In re Blackbaud MDL: Putative Class Representatives May Seek Discovery That Bears On Their Standing To Bring Suit
Long-time readers of CPW will recall that we’ve previously covered In re Blackbaud, a data privacy multi-district litigation (“MDL”) currently pending in the District of South Carolina. The defendant in the MDL is a cloud software company that suffered multiple ransomware attacks and data breaches between February and May 2020. The plaintiffs are individuals and putative class representatives who were notified by the defendant’s customers of the potential disclosure of their information via these attacks and breaches. Although the MDL is in its early stages, the court recently issued an interesting opinion regarding discovery, In re Blackbaud, Inc., 2021 U.S. Dist. LEXIS 67594, that merits attention.
Currently in the litigation the parties are disputing foundational issues of jurisdiction, standing, and forum selection. The plaintiffs requested that the defendant identify all of its customers who were notified of the attacks and breaches. The defendant argued that the requested discovery was irrelevant, overbroad, and unduly burdensome at this stage of the litigation, and should be saved for the class certification process, when broader discovery generally occurs. The court disagreed with defendant, and ordered the production.

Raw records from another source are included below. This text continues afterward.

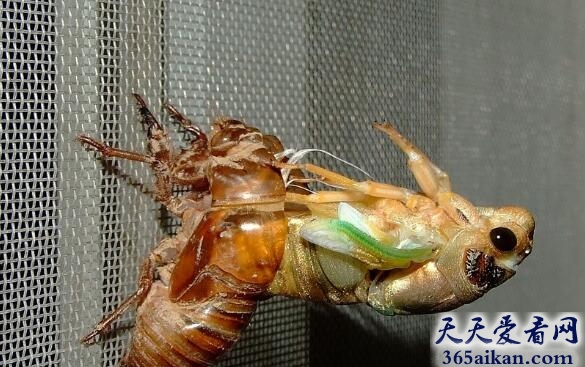 蝉2.jpg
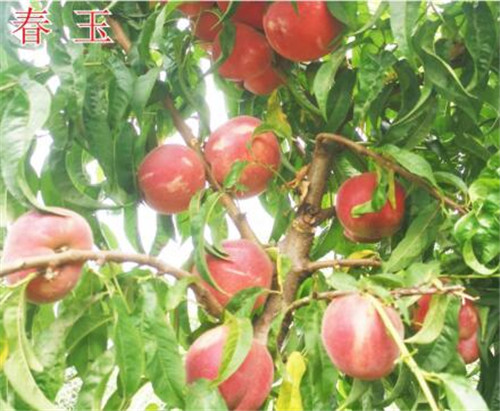 河南桃树苗新品种生长结果习性
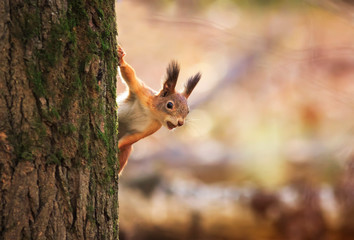  animal red-haired funny squirrel in the autumn Park Peeps out of the tree trunk on the background...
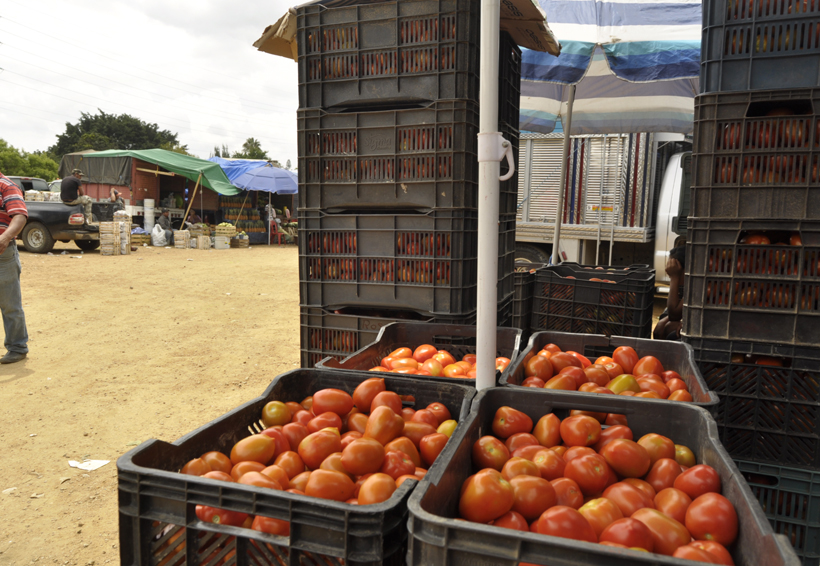Precio del tomate sigue aumentando en Oaxaca | El Imparcial de Oaxaca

In the court’s view, the defendant’s notifications to its customers were relevant to determining whether the disclosure of information was fairly traceable to defendant’s actions, as required for standing under Spokeo, Inc. v. Robins. Many putative class representatives received notifications from the defendant’s customers stating that their personal information had been compromised, but those notifications did not specify whether their information had been compromised in the specific breaches at issue in this litigation. The notifications would shed light on whether the representatives had actually been injured in the breaches at issue in this case, or instead by some other breach. Because the discovery went directly to the ability of the named plaintiffs to bring suit, as opposed to the size and scope of the class, the court held that the requested discovery was proper at this stage.